___ Dataset

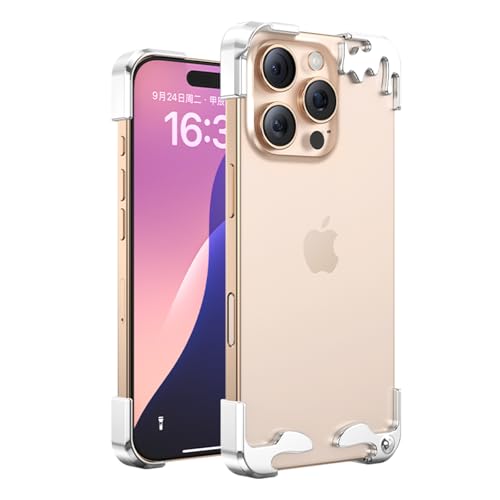 ZIDOXING Metal Shock-Absorbing Snow Melting Armor Phone Case, Suitable for All Styles of iPhone 12-16,with Reinforced Corners and Protective Cover, Heavy-Duty Drop Protection and Durable Silver Frame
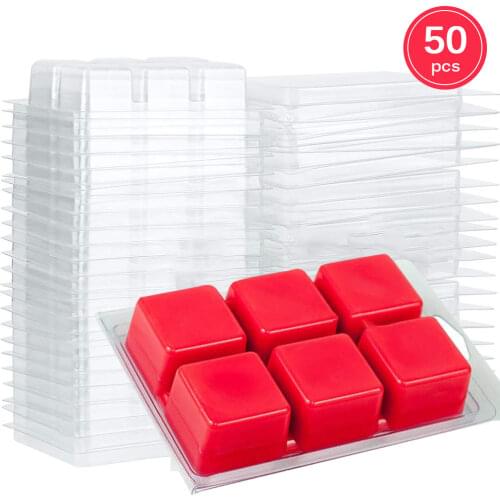 50 Packs Wax Melt Clamshells Molds Square, 6 Cavity Clear Plastic Cube Tray for Candle-Making & Soap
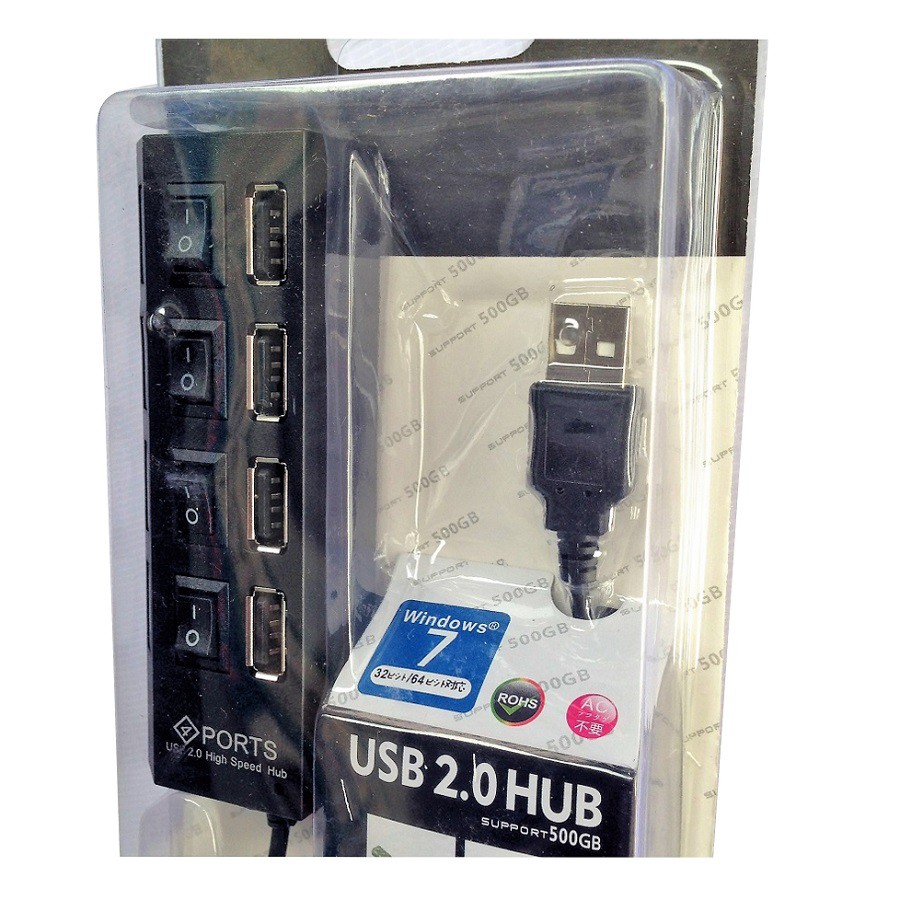 Hub Chia Cổng USB Từ 1 Ra 4 Có Công Tắc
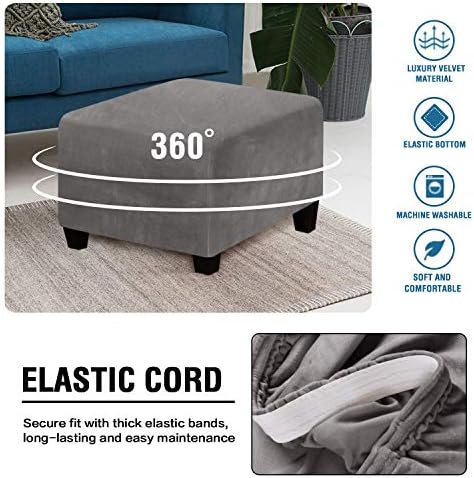 Velvet Square Ottoman Cover with Elastic Bottom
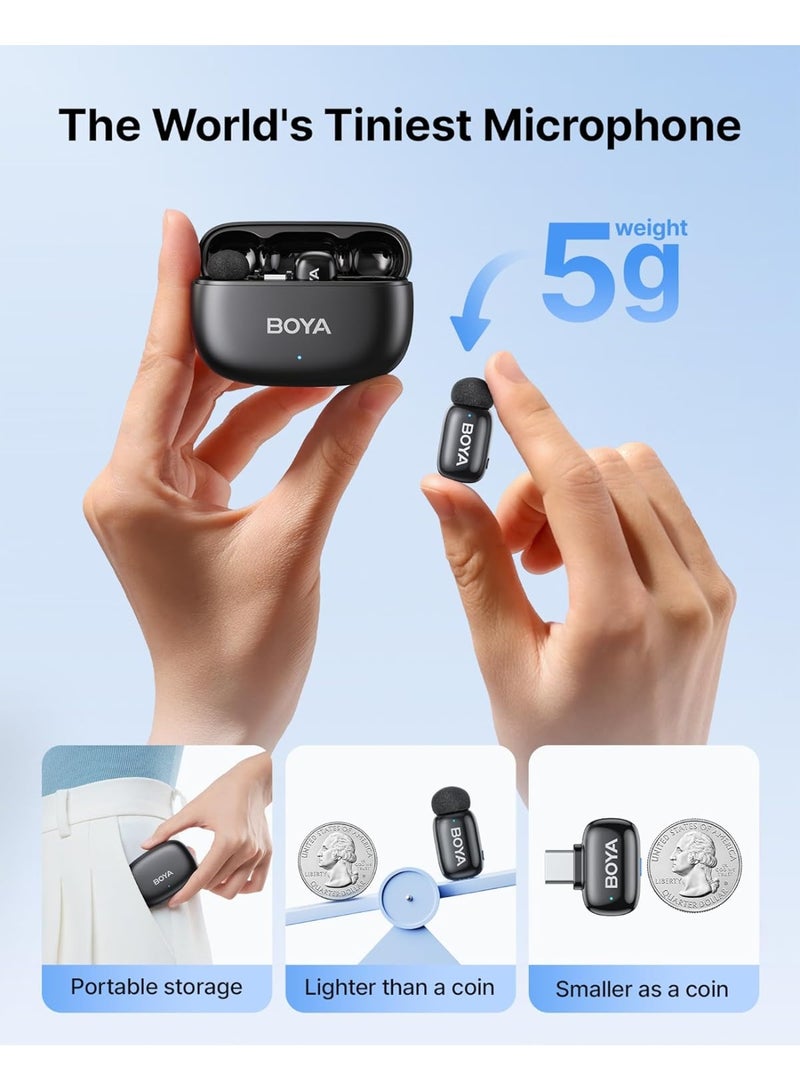 BOYA  Mini2- 2  Wireless mic 1 to 2 kit for TYPE C + Charging Case (Black) - Image 5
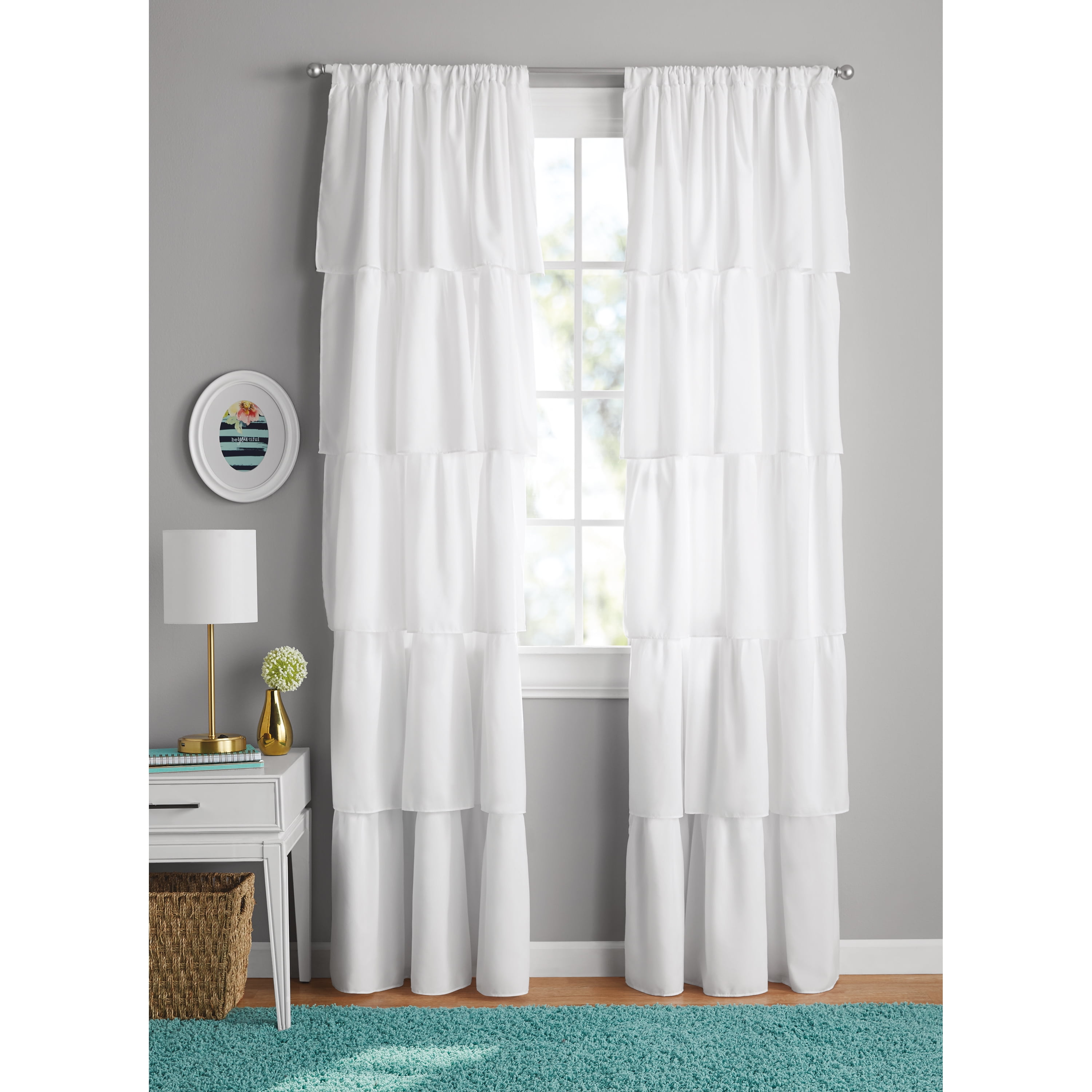 Your Zone Ruffle Girls Bedroom Single Curtain Panel, 42" W x 84"L, White
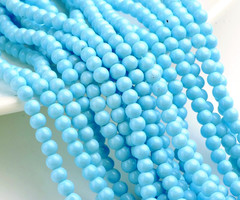 80 stuks Glaskralen 6mm Aqua Blauw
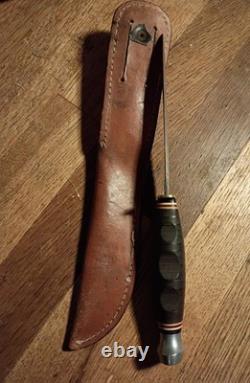 Vintage Ka Bar 1207 USA Fighting Knife Fixed Blade Sawback/ Leather Sheath Read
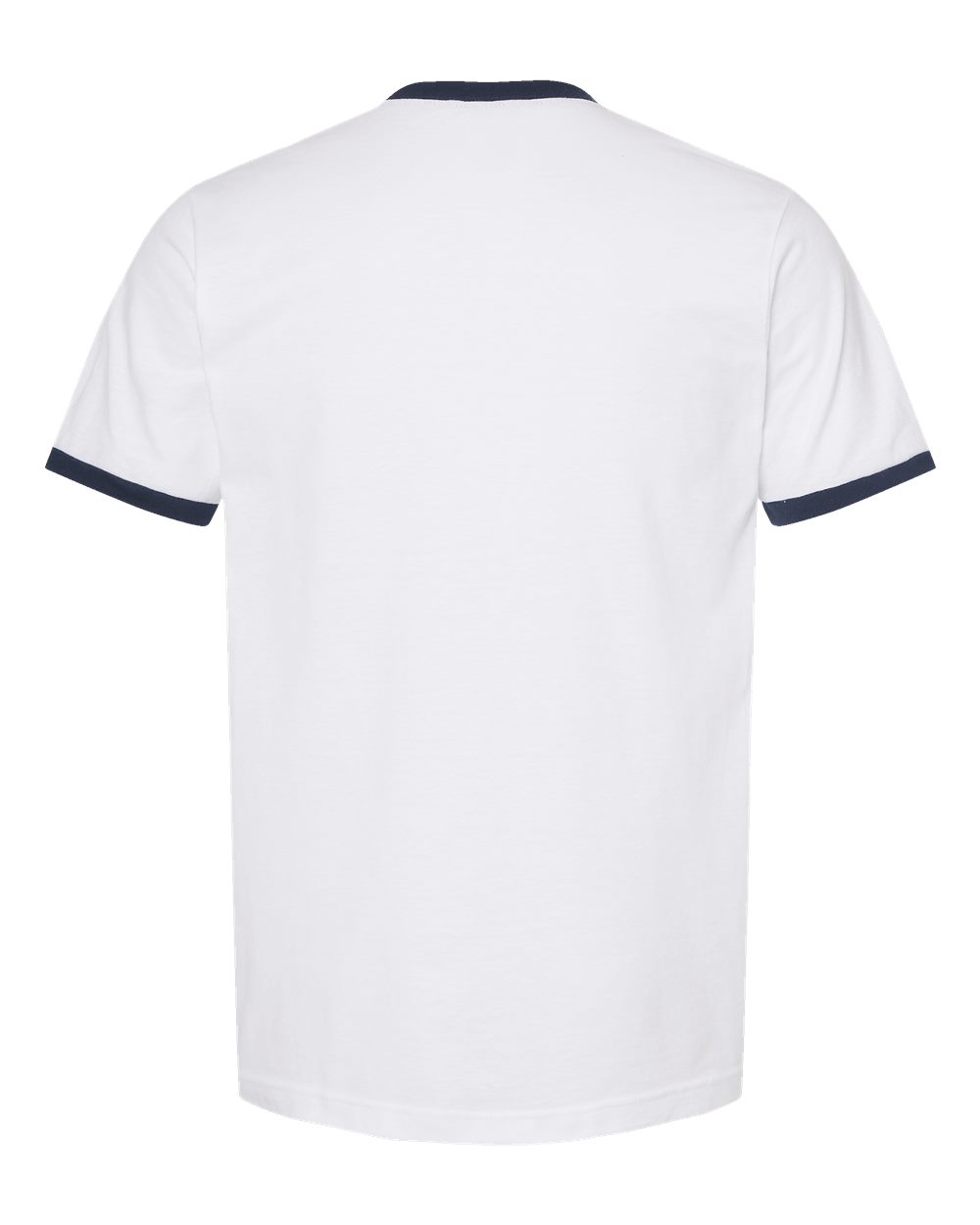 Unisex Fine Jersey Ringer T-Shirt - Back - B30459142 - White/ Navy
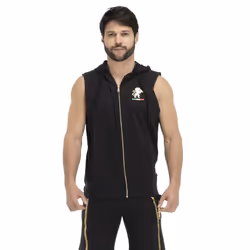 Veste à capuche coton sans manche Leone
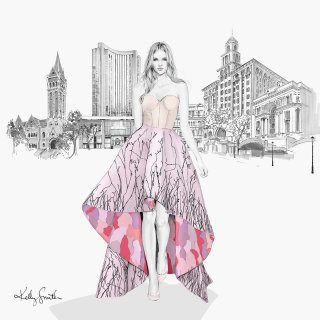 Ilustración de moda femenina para el hotel Grand Hyatt Melbourne
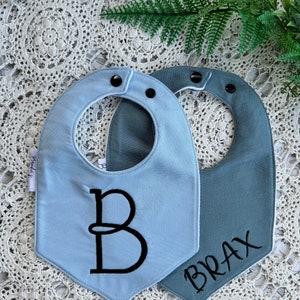 Baby boy embroidered bib set image 1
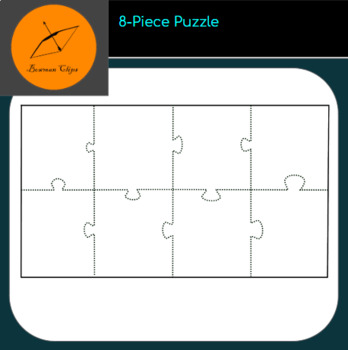 4 piece blank puzzle template separate pieces 2x2 by FireBow Clips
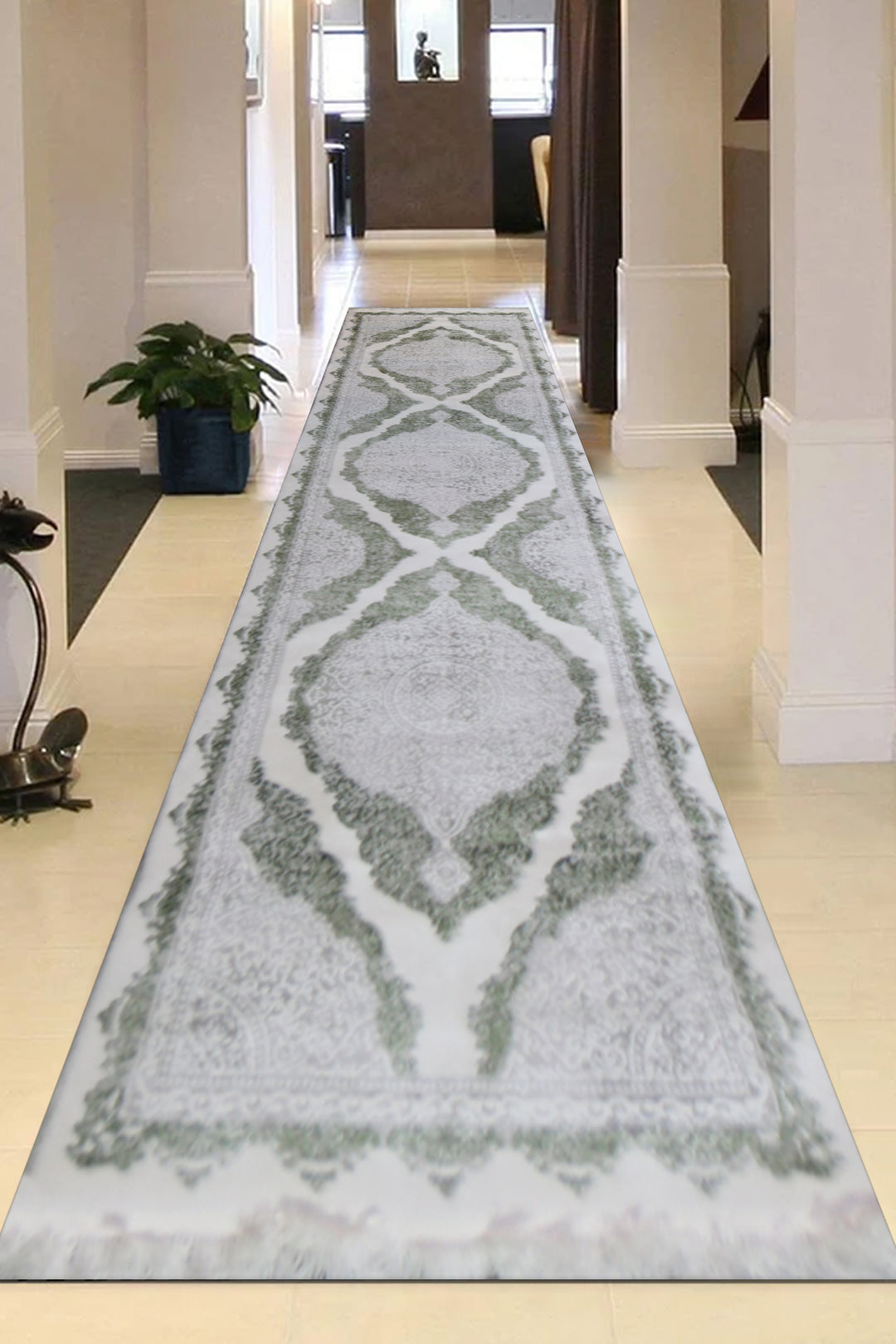 Turkish Modern  Festival Wd Rug  - 2.6 x 9.8 FT - Gray -  Luxurious Woven Masterpiece 50% Off!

______

Could you reproduce the data above exactly, without its pictures?

 ZIDOXING Metal Shock-Absorbing Snow Melting Armor Phone Case, Suitable for All Styles of iPhone 12-16,with Reinforced Corners and Protective Cover, Heavy-Duty Drop Protection and Durable Silver Frame
 50 Packs Wax Melt Clamshells Molds Square, 6 Cavity Clear Plastic Cube Tray for Candle-Making & Soap
 Hub Chia Cổng USB Từ 1 Ra 4 Có Công Tắc
 Velvet Square Ottoman Cover with Elastic Bottom
 BOYA  Mini2- 2  Wireless mic 1 to 2 kit for TYPE C + Charging Case (Black) - Image 5
 Your Zone Ruffle Girls Bedroom Single Curtain Panel, 42" W x 84"L, White
 80 stuks Glaskralen 6mm Aqua Blauw
 Vintage Ka Bar 1207 USA Fighting Knife Fixed Blade Sawback/ Leather Sheath Read
 Unisex Fine Jersey Ringer T-Shirt - Back - B30459142 - White/ Navy
 Veste à capuche coton sans manche Leone
 Ilustración de moda femenina para el hotel Grand Hyatt Melbourne
 Baby boy embroidered bib set image 1
 4 piece blank puzzle template separate pieces 2x2 by FireBow Clips
 Turkish Modern  Festival Wd Rug  - 2.6 x 9.8 FT - Gray -  Luxurious Woven Masterpiece 50% Off!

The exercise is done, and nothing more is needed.